EXCERPTED DATA ->
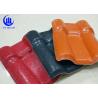 Buy cheap Fireproof ASA Synthetic Resin Spanish Roof Sheet For Construction Building from wholesalers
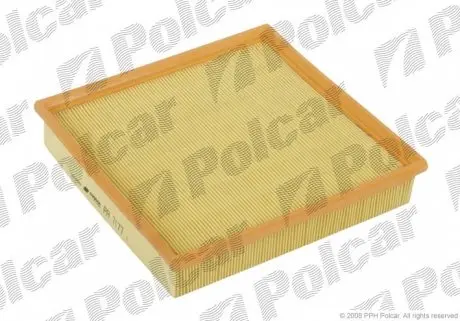 PA7177 Воздушный фильтр POLCAR подбор по vin на Brocar
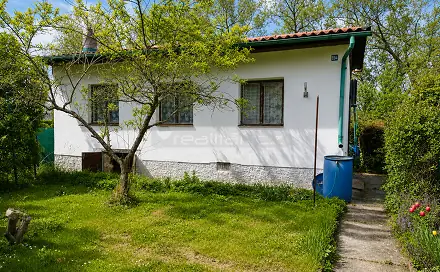 Prodej chaty/chalupy 38 m² s pozemkem 405 m², Mexiko, Nýřany, okres Plzeň-sever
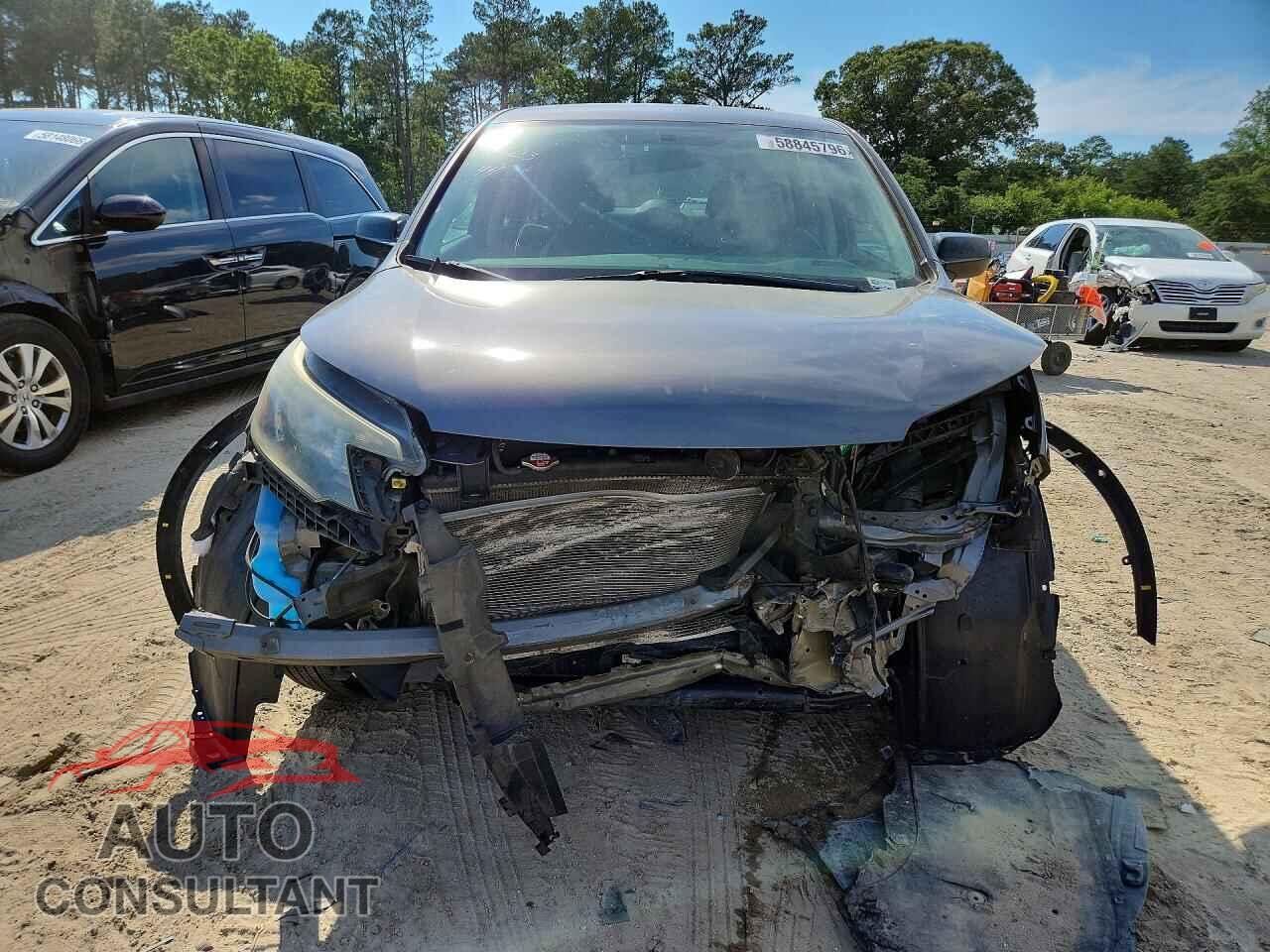 HONDA CRV 2014 - 2HKRM4H32EH724140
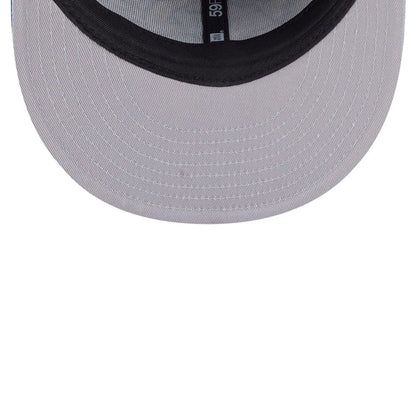 Pictured is this LA Rams NFL x Nickelodeon black 59FIFTY Fitted cap. 2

WHAT IS BEING ASKED ->
Restate the data word for word and exclude every picture.

REPLY TO THE EXERCISE ->
 Buy cheap Fireproof ASA Synthetic Resin Spanish Roof Sheet For Construction Building from wholesalers
 PA7177 Воздушный фильтр POLCAR подбор по vin на Brocar
 Prodej chaty/chalupy 38 m² s pozemkem 405 m², Mexiko, Nýřany, okres Plzeň-sever
 HONDA CRV 2014 - 2HKRM4H32EH724140
 Pictured is this LA Rams NFL x Nickelodeon black 59FIFTY Fitted cap. 2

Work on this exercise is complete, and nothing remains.